INPUT DATA START
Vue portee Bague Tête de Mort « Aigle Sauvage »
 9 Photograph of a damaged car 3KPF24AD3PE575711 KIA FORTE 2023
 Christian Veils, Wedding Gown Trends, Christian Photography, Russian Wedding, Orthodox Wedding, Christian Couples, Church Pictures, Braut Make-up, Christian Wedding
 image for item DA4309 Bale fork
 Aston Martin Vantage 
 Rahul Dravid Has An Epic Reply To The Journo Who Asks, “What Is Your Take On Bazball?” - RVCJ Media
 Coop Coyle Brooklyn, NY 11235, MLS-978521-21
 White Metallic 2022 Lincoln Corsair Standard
INPUT DATA END
◆ PROBLEM
Repeat all the records. Match each line exactly.

◆ SOLUTION TO THE PROBLEM
Vue portee Bague Tête de Mort « Aigle Sauvage »
 9 Photograph of a damaged car 3KPF24AD3PE575711 KIA FORTE 2023
 Christian Veils, Wedding Gown Trends, Christian Photography, Russian Wedding, Orthodox Wedding, Christian Couples, Church Pictures, Braut Make-up, Christian Wedding
 image for item DA4309 Bale fork
 Aston Martin Vantage 
 Rahul Dravid Has An Epic Reply To The Journo Who Asks, “What Is Your Take On Bazball?” - RVCJ Media
 Coop Coyle Brooklyn, NY 11235, MLS-978521-21
 White Metallic 2022 Lincoln Corsair Standard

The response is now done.